After a dominating performance by defending champion Anna Veith of Austria, everyone assumed the competition was over. Apparently, in the Super G, the first 20 attempts are taken by the sport's top 20 competitors. After that, the also rans—those with no real chance for victory—take their shot. Hence, when Anna saw that all the serious competitors had finished, she assumed she had won, even though there were still a dozen or so skiers to go. Anna's competition had already admitted as much; they were giving her congratulatory hugs. Heck, even NBC stopped covering the event, declaring the Austrian to be the gold medalist.
When Czech snowboarder Ester Ledecká, ranked 43rd in the world, stood at the top of the hill, even she didn't think she had a chance.
You didn't misread that. Ester is a snowboarder who just started to compete competitively in skiing a couple of years ago. The commonality between skiing and snowboarding is minimal: beyond the fact that they both take place on snow-covered mountains, there's very little overlap. Ester isn't a horrible skier, but she had never placed in the top 25 of any Super G event. Yet because she qualified to compete in the event at Pyeongchang, she was determined to give it her best.
She gave her best and then some. At the end of Ester's nearly flawless run, she looked up at her time and couldn't believe it: she was in first place. I love her reaction at the bottom of the hill as she tried to process what happened.

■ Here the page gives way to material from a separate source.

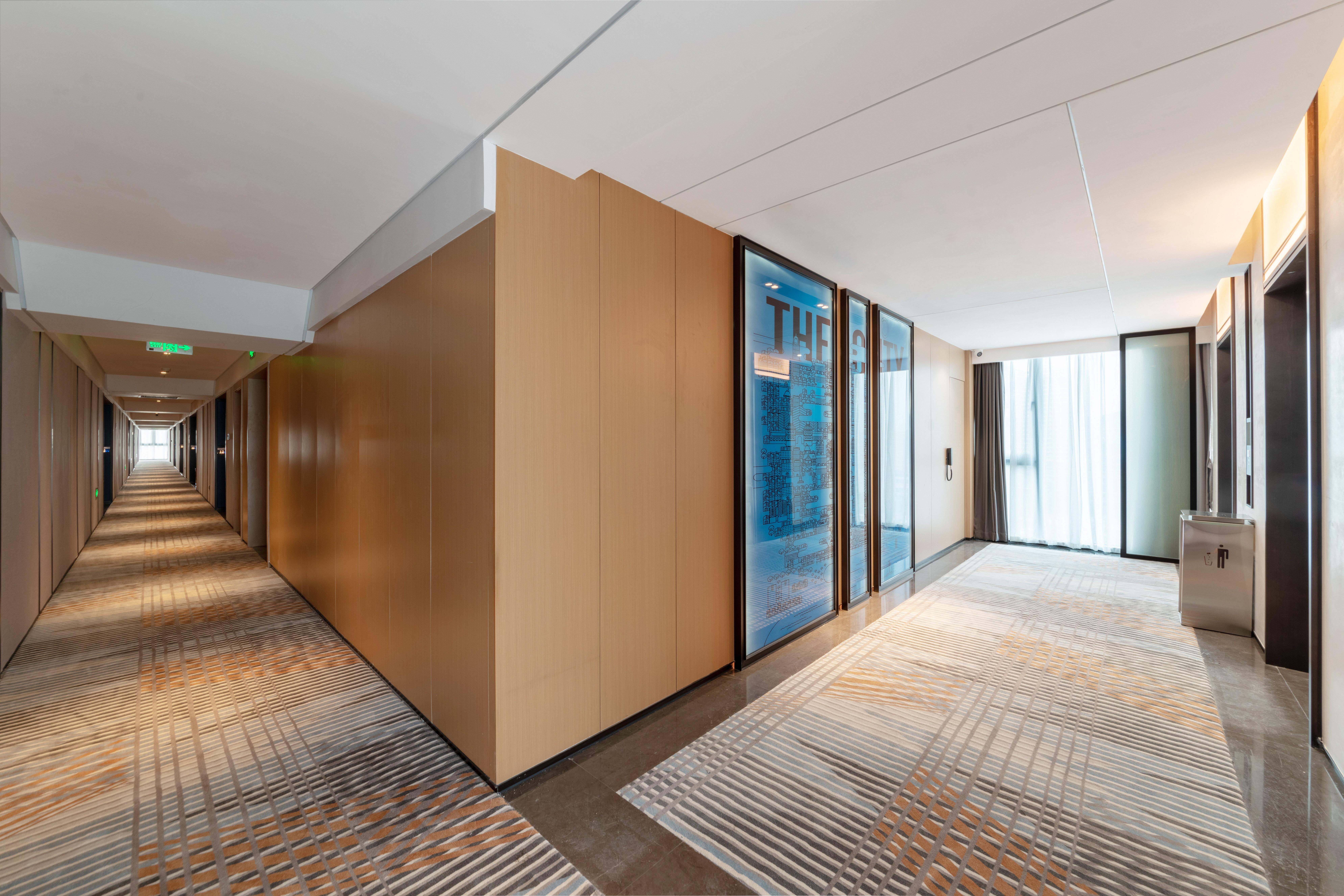 Holiday Inn Express Shenzhen Longhua By Ihg Екстер'єр фото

Ester just couldn't believe her time was accurate, but it was. She won the gold medal. And, adding to the legend, she used borrowed skis for her winning run.
These are the kinds of stories that make the Olympics compelling television. But it's more than pure entertainment. When expert pundits are blown away by a result, you must examine why and how they couldn't see this coming. If the Super G was a subjective sport—like those where judges can arbitrarily skew outcomes—the outcome wouldn't demand such serious reflection. So even though I've clearly established here that I know nothing about skiing, my research into this event leaves me with three reasons as to why Ester took gold.

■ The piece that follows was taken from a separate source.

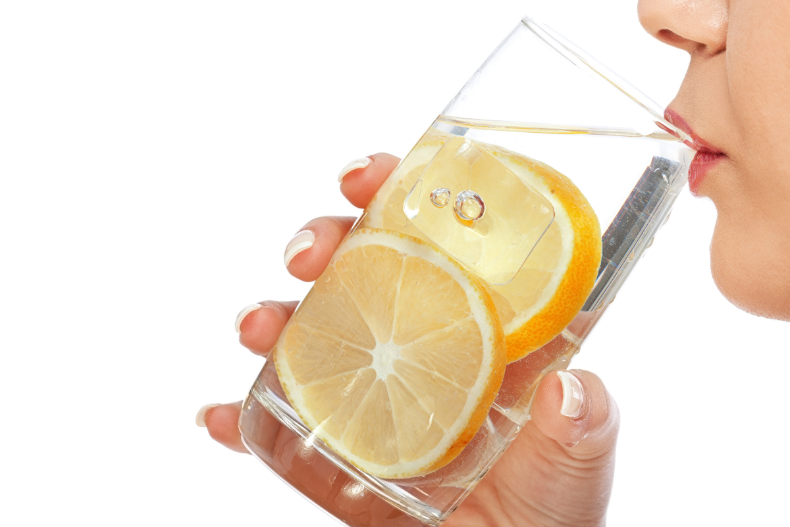 檸檬水不只可以美白還可以「增加勇氣」？研究：吃酸這原因讓人更勇敢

1. She had competitive experience.
Ester's success as a snowboarder didn't help her skiing technique, but it prepared her for stiff competition. You know those people that, whether it's an athletic contest or a board game, refuse to lose? That's how Ester viewed this opportunity. Ultimately, this is a small component of the Czech's victory, but it cannot be ignored. You always need to show up ready to play.
2. She was mentally prepared.
There's an improvisational element to the Super G, as competitors are not permitted to ski the course ahead of time. As a result, all the skiers are getting their first look at the track during their first (and only) run. This, then, rewards those athletes who can quickly adjust and process new information on the fly. All the commentators noted that Ester took the most aggressive line down the hill of any of the competitors. Even though her experience/skill was not as robust as Anna's, she didn't know what she didn't know and was prepared to risk it all. Her quick thinking and reaction put her in a position to succeed.

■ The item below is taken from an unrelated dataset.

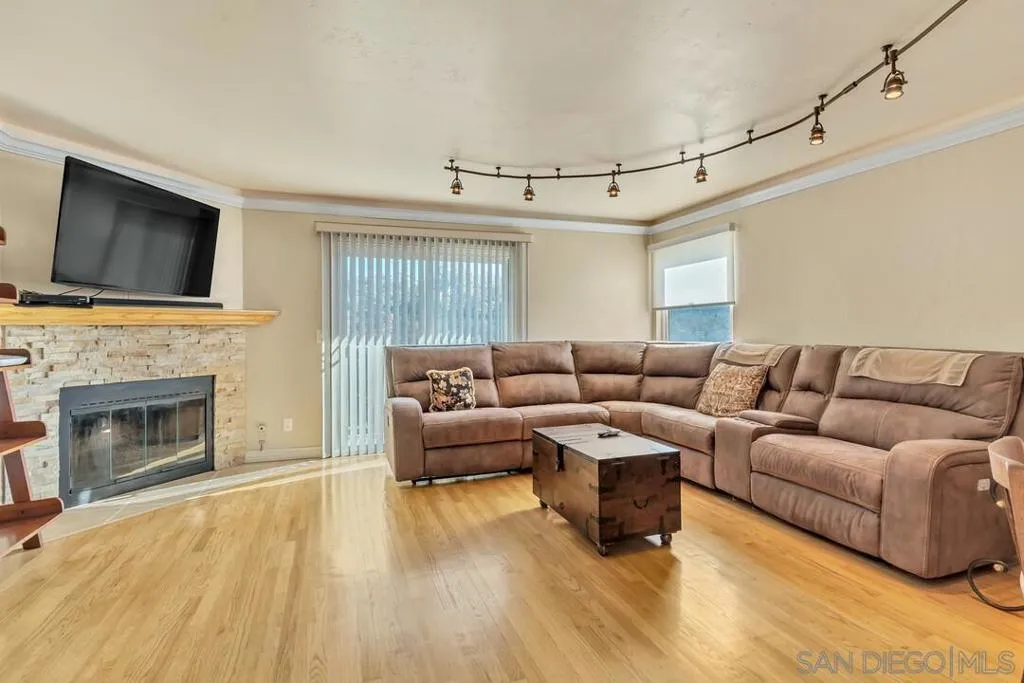 7861 Cimarron Ln, La Mesa, California 91942 home-pic-9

3. She checked her ego at the door.
. . . or at the top of the hill . . . or however this metaphor works. I hold that this is THE reason that Ester won gold: she wasn't afraid to fail. In today's culture of perfectionism, few people are willing to try things new, especially those who have already tasted success in another field. Ester knew she wasn't going to be as successful in skiing as she had in snowboarding, but she decided to try anyway. It's why I absolutely adore this story: she could have made a fool out of herself, but she gave it a go and now has a gold medal to show for it.
There's so much conversation in the pop-business world about disrupters, but those who actually disrupt never start with the intention to do so. It starts organically—just like when a snowboarder decides she'll try her hand at skiing.